(Required work) Print the lines below from the line with "EIDERWOOD Samsung Galaxy" to the line with "HONDA CIVIC 8" exactly, keeping both ends, and print no pictures.

(Records provided)
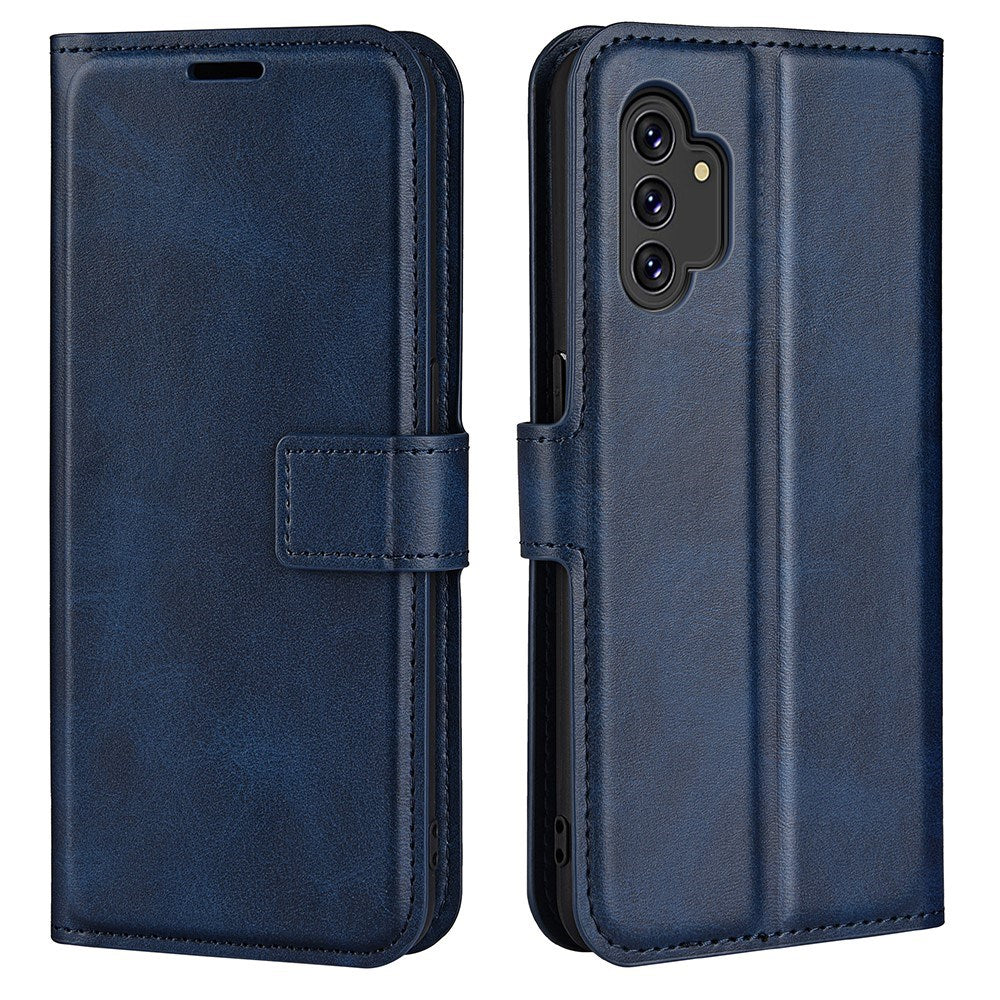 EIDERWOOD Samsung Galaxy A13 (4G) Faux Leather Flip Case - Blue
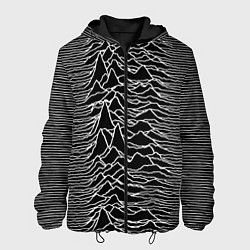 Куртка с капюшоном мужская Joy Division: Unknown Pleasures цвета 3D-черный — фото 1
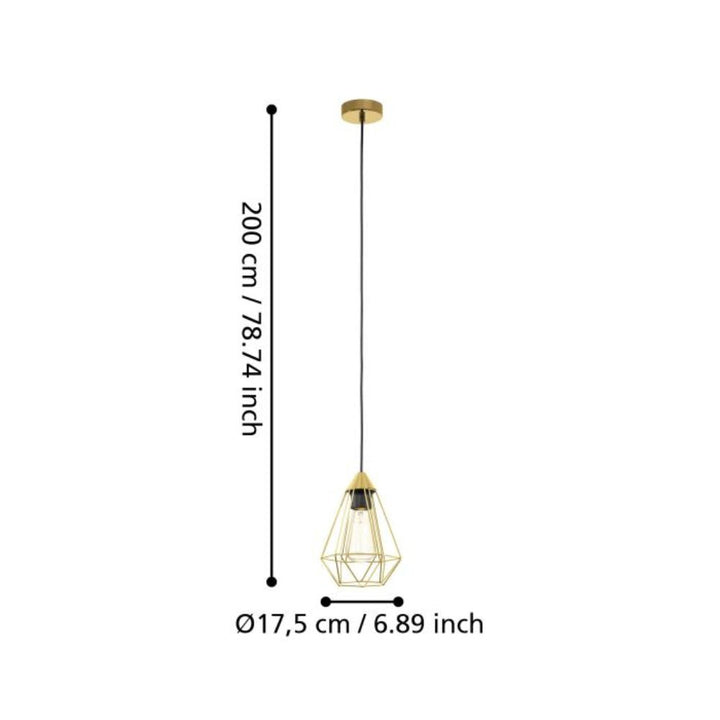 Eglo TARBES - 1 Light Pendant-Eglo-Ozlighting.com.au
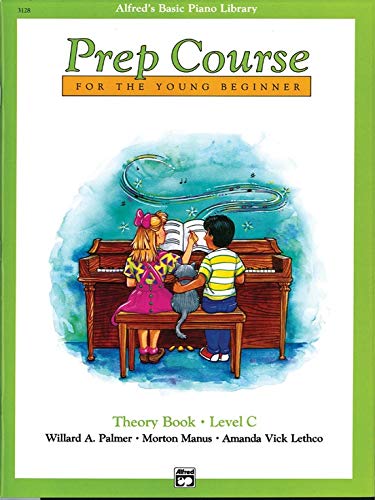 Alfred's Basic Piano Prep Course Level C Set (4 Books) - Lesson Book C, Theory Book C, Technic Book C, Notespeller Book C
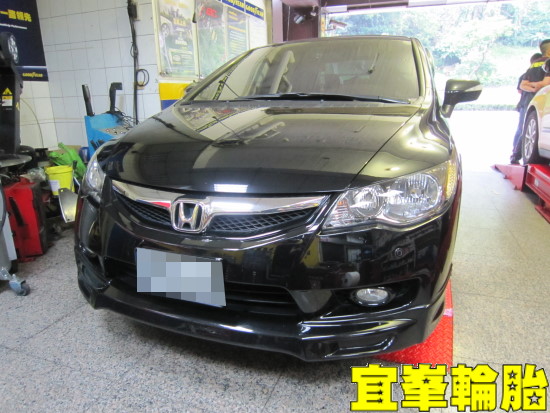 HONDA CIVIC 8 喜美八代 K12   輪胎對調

--

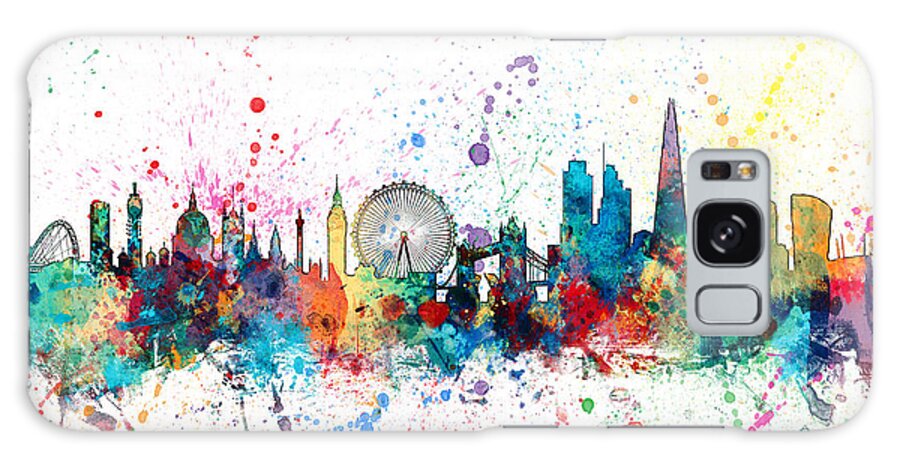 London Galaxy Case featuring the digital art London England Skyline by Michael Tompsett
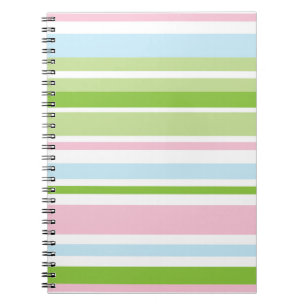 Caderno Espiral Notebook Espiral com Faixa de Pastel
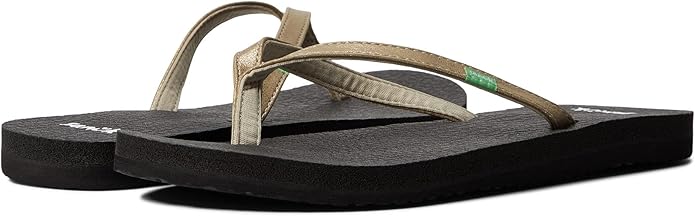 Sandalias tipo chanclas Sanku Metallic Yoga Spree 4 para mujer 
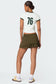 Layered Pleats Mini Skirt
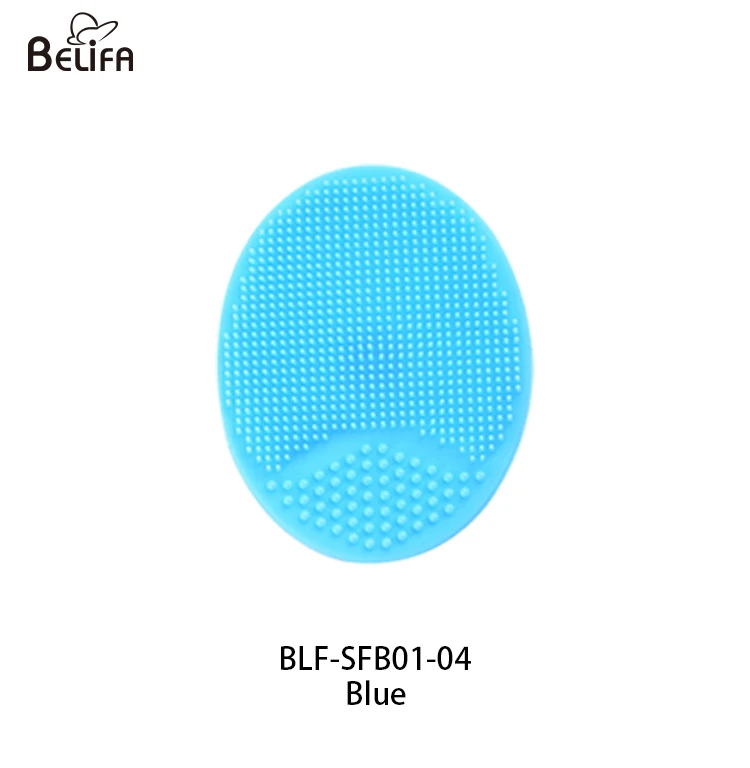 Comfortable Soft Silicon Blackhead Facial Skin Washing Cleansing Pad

(Task solution)
 EIDERWOOD Samsung Galaxy A13 (4G) Faux Leather Flip Case - Blue
 Куртка с капюшоном мужская Joy Division: Unknown Pleasures цвета 3D-черный — фото 1
 Eglo TARBES - 1 Light Pendant-Eglo-Ozlighting.com.au
 Alfred's Basic Piano Prep Course Level C Set (4 Books) - Lesson Book C, Theory Book C, Technic Book C, Notespeller Book C
 HONDA CIVIC 8 喜美八代 K12   輪胎對調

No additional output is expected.